British aid volunteers missing in Ukraine war zone
Two British aid volunteers have been reported missing in
eastern Ukraine, raising fears for their safety.
Andrew Bagshaw, 48, and Christopher Parry, 28, were working
to evacuate civilians from the war zone, sometimes under shell fire.
Ukrainian police said the pair left the city of Kramatorsk
for Soledar, 25 miles away, at 8am on Friday but had not made contact since.
There has been heavy fighting in the area in recent weeks as
Russian forces attempt to seize Soledar and the nearby city of Bakhmut in the
face of fierce Ukrainian resistance.
Parry, a former coach at Cheltenham Running Club who is
originally from Cornwall, told CornwallLive in November that he had joined an
NGO in March that drove into conflict areas to retrieve endangered civilians.
“People really
instilled the fear of God in me that I was going to die,” he said. “I was shown
vans that had bullet holes in them. I was heading into a place that everyone
was fleeing.”
Last month, Parry told Sky News that the 4x4 he was using
was written off after it was hit by a Russian tank round while he was driving.

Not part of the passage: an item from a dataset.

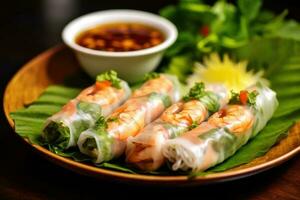 vietnamien riz papier Rouleaux nourriture la photographie ai généré photo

He said that operating from a position 400 metres from the
front in Bakhmut, he had evacuated about 30 people within three weeks of
getting the vehicle, which was funded by online donors.

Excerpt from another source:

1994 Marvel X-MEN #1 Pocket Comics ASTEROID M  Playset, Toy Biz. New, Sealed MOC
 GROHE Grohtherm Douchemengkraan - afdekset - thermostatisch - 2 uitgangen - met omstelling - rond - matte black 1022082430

“I am willing to go to the places that a lot of people
aren’t,” he added.
In a recent Instagram post Parry said that he was “running
the gauntlet to find an elderly couple who got lost on the front”.

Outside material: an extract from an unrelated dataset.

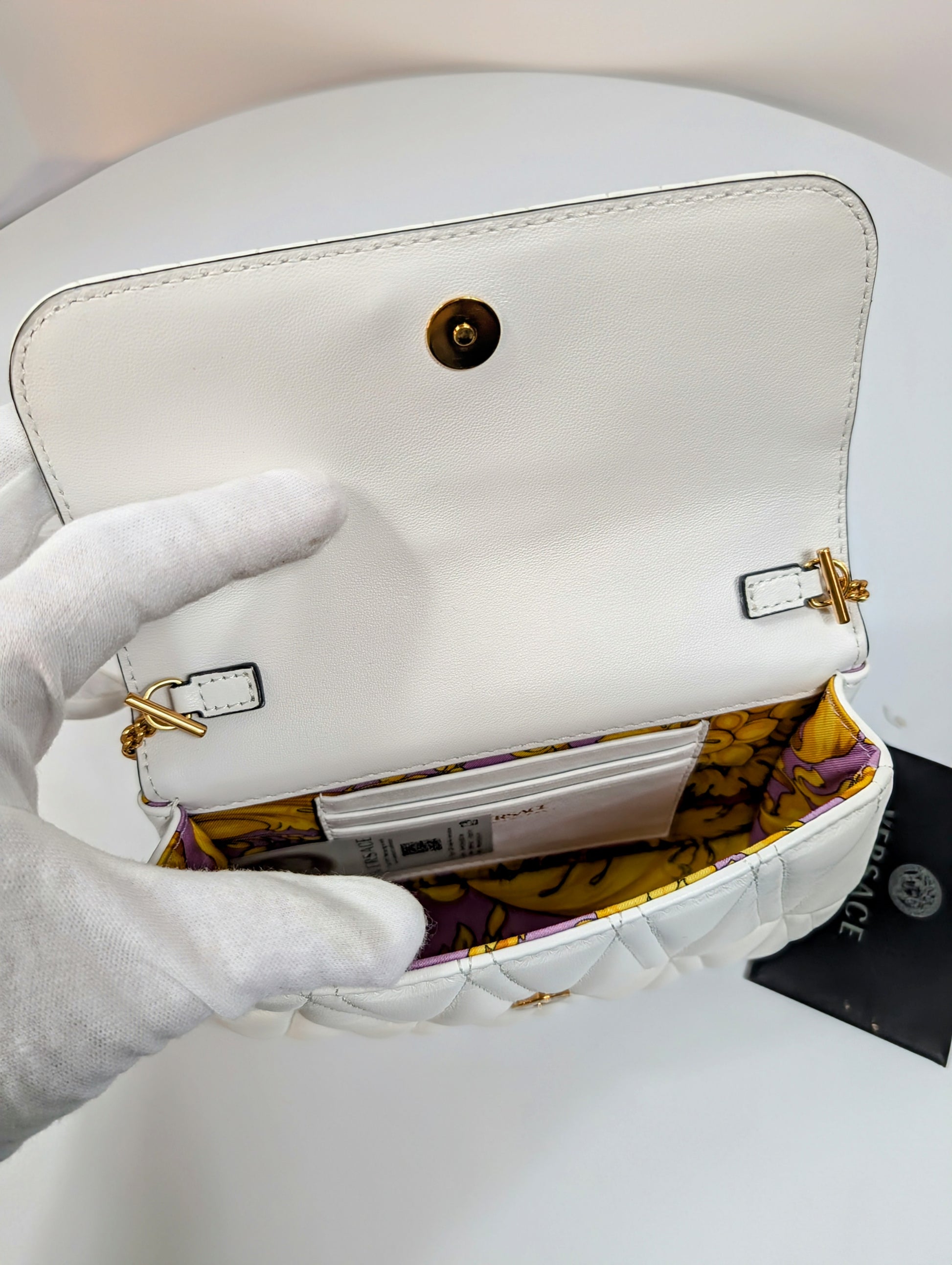 Versace White Virtus Quilted Chain Wallet on Chain (WOC)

Bagshaw, a geneticist from Christchurch in New Zealand who
has British citizenship, was also working as part of a team of local and
international volunteers evacuating civilians from near the front, especially
around Soledar.
“The closer you get to the east, the worse it gets,” he told
Stuff in August. “There’s just massive destruction basically. Every building is
damaged to some extent, windows blown out or demolished.”
Christopher Monaghan, a former British soldier who had
worked with Bagshaw in Ukraine, said that his disappearance was “horrendous
news”.
Bagshaw’s parents, Philip and Susan Bagshaw, said in a
statement to New Zealand media: “Andrew is a very intelligent, independently
minded person, who went there as a volunteer to assist the people of Ukraine,
believing it to be the morally right thing to do.”
Russian state media described the men as “mercenaries”.